I love this rice dish!  It is a pilaf (pilafi in Greek), meaning it's cooked in broth and has vegetables mixed into it. Various versions of pilafs are popular in the Middle East, North Africa, Spain, and, of course, Greece. I bet once upon a time there was an original recipe that got carried by seafarers from one Mediterranean port to another. People adapted this recipe to suit their particular tastes and as a result, we now have lots of rice pilaf variations. As far as I am concerned, they are all great. I never say no to rice! I find this to be ironic because up until the age of twenty or so I wouldn't go anywhere near any type of rice whatsoever! It's curious how tastes and taste buds tend to change throughout one's lifespan. 

Greeks have a plain version of pilaf made with broth, butter, and a few herbs. Then they have this version. It can be served on its own, in which case I can have a whole plateful, or it can be served as a side dish in which case I can have two tablespoons. Correction: three tablespoons. Additionally, this rice pilaf makes a good stuffing. Come autumn, go ahead and stuff a nice squash with it! Here's how to make Greek rice pilaf:

Ingredients: 
  • 4 tablespoons olive oil
  • 1 large onion, chopped
  • 2 cloves garlic, chopped
  • 1 tablespoon fresh dill, chopped
  • 2 tablespoons chopped parsley, chopped
  • 4 mushrooms sliced
  • 5 leaves romaine lettuce, chopped 
  • 2 tomatoes, peeled, seeded and chopped
  • 1/2 cup raisins
  • 1/4 cup pine nuts, roasted
  • 3 cups of vegetable broth that has been brought to the boil
  • 1  1/2 cups of rice (raw, white -- I like to use long grain or basmati rice for this recipe)
  • Salt and pepper to taste
  • a small handful of peeled and roasted almonds for decoration

Directions:
  • If your raisins are really dry, place them in water to cover and let them stay in the water until they plump up and soften.
  • Place the almonds and pine nuts on a baking sheet and toast them in a preheated 350°F/180°C oven until they are aromatic and golden in colour. Remove them from the oven, let them cool and reserve.
  • Heat the olive oil in a large pan and sauté the onion until it becomes translucent.  
  • Add the garlic, parsley, dill, lettuce, mushrooms, and tomatoes, and cook for two minutes, stirring occasionally.
  • Add the rice, raisins, and pine nuts. Mix well. 
  • Add the broth and season with salt and pepper. Cover and cook on low for about twenty minutes, until almost all the liquid is absorbed and the rice is tender and moist.  
  • Let the rice rest for 5 to 10 minutes. It will absorb any liquid that is leftover. The end result should be rice that glistens and is moist. It shouldn't be dry or runny/mushy.  
  • Place on a serving platter and decorate the top with roasted almonds.
Serve and enjoy!

Monday, 2 May 2011

STUFFED PEPPERS with RICE, RAISINS and PINE NUTS

Welcome to the first Monday of this month of May. Today I chose to make stuffed peppers from a recipe to be found on Martha Stewart's website. It's a recipe that was contributed by Mrs Kostyra, who was Martha's mother, and I thought it would be a timely choice since mother's day is so close.
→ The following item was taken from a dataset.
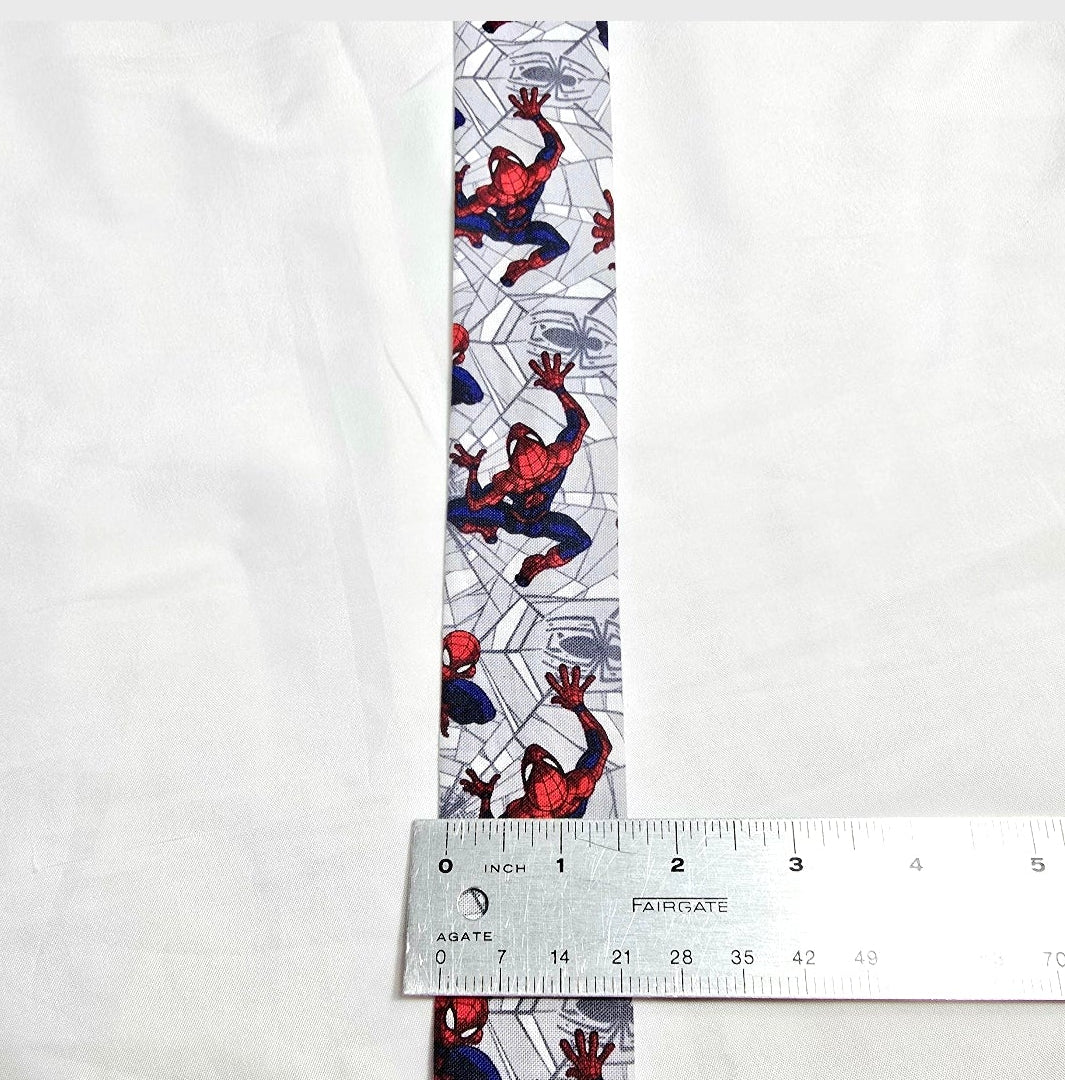 Handmade Fun Superhero Spiderman Stethoscope Protective Cover: Washable Cotton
A mixture of rice, raisins and pine nuts may sound strange to some, but it's a popular combination of ingredients in almost all the cuisines of the Mediterranean and the Middle East.  I think this recipe makes a nice "ushering of spring" meal. The colourful peppers and vegetables look as good as they taste. The only drawback for me was that I didn't have time to go to my grocer, so I purchased the peppers at my local supermarket. I didn't check the price, but I found out during checkout that they cost $4.70 per pound. I wound up paying close to $19.00 for 6 peppers. Way too much.  Oops! 

Ingredients:
  • 1/4 cup pine nuts
  • 5 small tomatoes, cored, seeded, and sliced about 1/2 inch thick 
  • Salt and freshly ground pepper
  • 1/2 cup raisins
  • 1/2 cup freshly squeezed orange juice (from 2 oranges)
  • 6 nice sized bell peppers, some yellow or orange and some red 
  • 1 Italian frying pepper (also called Cubano), cored, seeded and finely chopped
  • 1 large tomato, peeled, seeded and chopped
  • 2 cups vegetable broth or water, plus another 4 tablespoons broth or water. 
  • 1 cup rice (uncooked)
  • 6 tablespoons olive oil
  • 3 scallions, white and soft green parts, chopped
  • 3 medium shallots, finely chopped
  • 4 sprigs of fresh thyme, plus 1 teaspoon of fresh thyme leaves
  • 1/4 cup coarsely chopped fresh basil leaves
  • 2 tablespoons coarsely chopped fresh parsley plus 6 sprigs
Directions:
  • Preheat oven to 350°F/180°C. Spread the pine nuts in a single layer on a small baking sheet. Bake until golden, about 6 minutes. Shake the pan halfway through baking to make sure the pine nuts toast evenly.
  • Line up the tomato slices on the bottom of a baking pan that's going to be just large enough to hold the 6 peppers. Season the tomatoes with salt and pepper, sprinkle a little olive oil on top, and place a piece of thyme sprig on each slice.
  • Combine the raisins and orange juice in a small bowl. Let stand until the raisins are plumped, about 15 minutes.
  • Using a sharp knife, cut around the stems of the peppers. Core and seed them, reserving the stems. Set aside.
  • In a saucepan, bring the broth or water to a boil. Add the rice, and simmer, covered, until the rice is just a little undercooked, about 15 minutes.
  • Meanwhile, heat 3 tablespoons of olive oil in a medium saucepan over medium heat. Add the scallions, chopped pepper and shallots, and cook until the shallots are translucent, about 4 minutes. Season with salt and pepper.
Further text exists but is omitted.